For this purpose, our schools need both the talent and the organization to educate each child who arrives at the schoolhouse door. Some show up ready, but many do not at this critical time when young brains are developing rapidly.

 

51. What does the author say about pre-kindergarten education?

A. It should cater to the needs of individual children.

B. It is essential to a person's future academic success.

C. Scholars and policymakers have different opinions about it.

D. Parents regard it as the first phase of children's development.

 

52. What does the new Peabody study find?

A. Pre-K achievements usually do not last long.

B. The third grade marks a new phase of learning.

C. The third grade is critical to children's development.

D. Quality has not been the top concern of pre-K programs.

 

53. When does the author think pre-K works the best?

A. When it is accessible to kids of all families.

B. When it is made part of kids' education.

C. When it is no longer considered a luxury.

D. When it is made fun and enjoyable to kids.

 

54. What do we learn about Mayor Megan Barry?

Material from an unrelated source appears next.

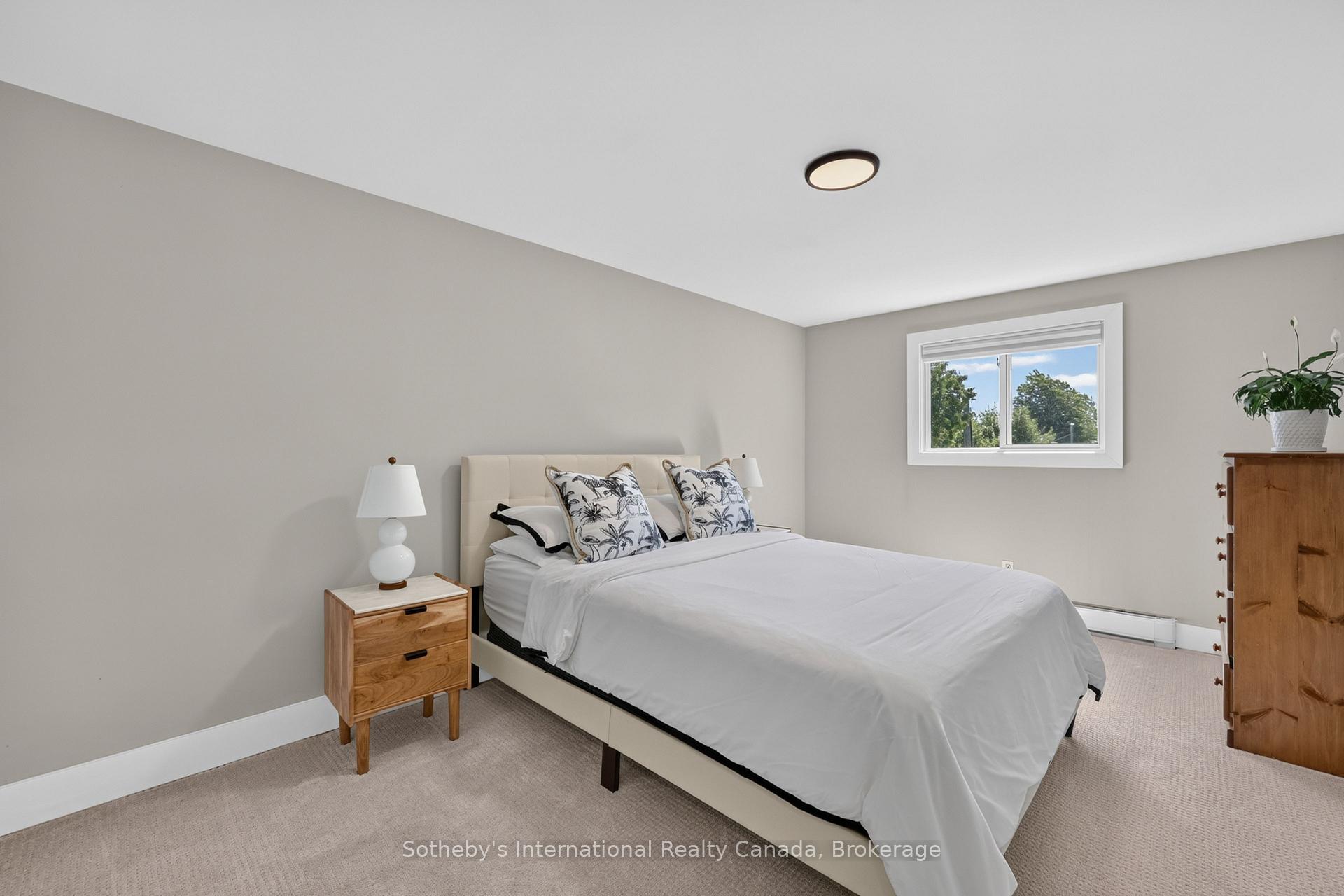 Photo 32 of 131 Bruce Street S, Blue Mountains — HOMEH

A. She knows the real goal of education.

B. She is a mayor of insight and vision.

C. She has once run a pre-K program.

D. She is a firm supporter of pre-K.

 

55. What does the author think is critical to kids' education?

A. Teaching method.

B. Kids' interest.

C. Early intervention.

D. Parents' involvement.

 

 

 

Part IV    Translation     (30 minutes)

Directions: For this part, you are allowed 30 minutes to translate a passage from Chinese into English. You should write your answer on Answer Sheet 2.

 

乌镇是浙江的一座古老水镇,坐落在京杭大运河畔。这是一处迷人的地方,有许多古桥﹑中式旅店和餐馆。在过去的一千年里,乌镇的水系和生活方式并未经历多少变化,是一座展现古文明的博物馆。乌镇所有的房屋都有木头建造。数百年来,当地人沿着河边建起了住宅和集市。无数宽敞美丽的庭院藏身于屋舍之间,游客们每到一处都有惊喜的发现。